Pertama. Setelah setengah abad lebih dua tahun saya ini hidup di dunia yang fana ini, siapa yang pernah merasa bahwa saya ini pernah berbuat baik? Kapan saya mendengar orang lain bisa bersyukur bahwa saya ini baik, dan siapa yang masih bisa melihat saya ini orang baik di saat saya toh menjadi korban sebuah kecelakaan atau musibah? Nurani saya bernyanyi lagi. ”Elo mimpi, elo orang baik. Elo tu kagak pernah baik kale?”

Kedua. Apakah selama ini, kalau saya punya masalah, saya ini menghadapi dan bertanggung jawab, atau lari dari problema dan dari tanggung jawab? Kalau saya menghadapinya, apakah saya menghadapinya dengan mengenakan perilaku yang baik? Menghadapi dengan hati yang berani mengakui bahwa saya keliru?

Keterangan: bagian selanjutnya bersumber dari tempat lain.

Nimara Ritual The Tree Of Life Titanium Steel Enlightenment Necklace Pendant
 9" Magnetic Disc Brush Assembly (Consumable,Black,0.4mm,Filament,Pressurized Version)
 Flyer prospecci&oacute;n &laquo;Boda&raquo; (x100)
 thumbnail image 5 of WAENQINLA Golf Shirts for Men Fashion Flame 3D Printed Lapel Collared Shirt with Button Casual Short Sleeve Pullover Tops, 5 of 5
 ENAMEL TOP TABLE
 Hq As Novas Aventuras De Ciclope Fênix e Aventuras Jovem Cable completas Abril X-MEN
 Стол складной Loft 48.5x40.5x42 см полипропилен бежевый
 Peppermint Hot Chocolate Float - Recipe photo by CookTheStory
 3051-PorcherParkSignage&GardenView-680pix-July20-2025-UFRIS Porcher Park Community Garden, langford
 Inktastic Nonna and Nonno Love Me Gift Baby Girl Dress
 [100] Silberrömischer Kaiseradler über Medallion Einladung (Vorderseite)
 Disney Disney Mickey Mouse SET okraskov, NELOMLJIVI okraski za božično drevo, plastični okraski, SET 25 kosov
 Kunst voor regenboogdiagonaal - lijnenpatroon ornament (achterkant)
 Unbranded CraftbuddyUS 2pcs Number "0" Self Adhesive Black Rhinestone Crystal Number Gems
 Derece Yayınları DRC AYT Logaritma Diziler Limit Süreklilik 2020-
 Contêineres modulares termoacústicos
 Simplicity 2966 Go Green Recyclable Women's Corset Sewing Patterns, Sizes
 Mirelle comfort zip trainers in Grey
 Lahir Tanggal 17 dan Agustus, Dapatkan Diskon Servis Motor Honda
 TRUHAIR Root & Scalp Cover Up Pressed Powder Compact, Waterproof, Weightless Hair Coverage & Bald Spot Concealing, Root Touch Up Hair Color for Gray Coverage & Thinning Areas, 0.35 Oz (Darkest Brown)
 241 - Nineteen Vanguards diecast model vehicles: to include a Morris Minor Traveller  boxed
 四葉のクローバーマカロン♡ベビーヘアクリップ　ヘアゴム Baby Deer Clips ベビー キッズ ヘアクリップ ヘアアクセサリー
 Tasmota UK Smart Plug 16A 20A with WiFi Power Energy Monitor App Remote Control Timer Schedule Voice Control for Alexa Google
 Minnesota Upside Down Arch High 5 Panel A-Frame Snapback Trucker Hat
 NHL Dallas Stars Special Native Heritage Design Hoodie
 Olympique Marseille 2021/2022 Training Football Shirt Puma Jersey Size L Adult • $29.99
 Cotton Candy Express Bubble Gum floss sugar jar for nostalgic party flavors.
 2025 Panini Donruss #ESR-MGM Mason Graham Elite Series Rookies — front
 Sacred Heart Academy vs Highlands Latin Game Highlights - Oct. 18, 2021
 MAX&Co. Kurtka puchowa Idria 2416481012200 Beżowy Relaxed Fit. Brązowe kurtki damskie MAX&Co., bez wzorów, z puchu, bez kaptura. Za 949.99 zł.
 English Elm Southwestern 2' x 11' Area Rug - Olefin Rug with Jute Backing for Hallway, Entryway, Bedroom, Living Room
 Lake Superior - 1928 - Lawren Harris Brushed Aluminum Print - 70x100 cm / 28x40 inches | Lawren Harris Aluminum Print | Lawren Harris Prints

Atau saya mengenakan perilaku yang buruk dengan alasan ingin mengajar orang agar menjadi tidak sembarangan? Apakah benar, saya ini sejujurnya berniat mengajar, dan bukan menghajar? Atau saya ini orang yang memang pandai mengambil kesempatan? Saya bisa melampiaskan nafsu biadab saya, atas nama mengajar yang sungguh mulia itu?

Tiga kejadian dan cerita di atas sungguh membuat saya seperti disengat listrik. Mungkin saya harus lebih tekun untuk tidak memelihara iri hati dan tabiat susah memaafkan dan susah berbuat baik.

Mungkin saya harus tekun belajar untuk tidak lagi mengambil kesempatan atau keuntungan dari sebuah perbuatan yang tidak baik. Saya seharusnya mengambil kesempatan untuk berbuat baik kepada orang lain dengan tanpa memiliki agenda tersembunyi yang ingin saya raih.

Mungkin juga, saya harus bertekun dalam segala situasi, bahkan ketika saya menjadi korban, dan orang masih bisa melihat saya mengajar dan membuat mereka naik kelas dengan cara yang baik.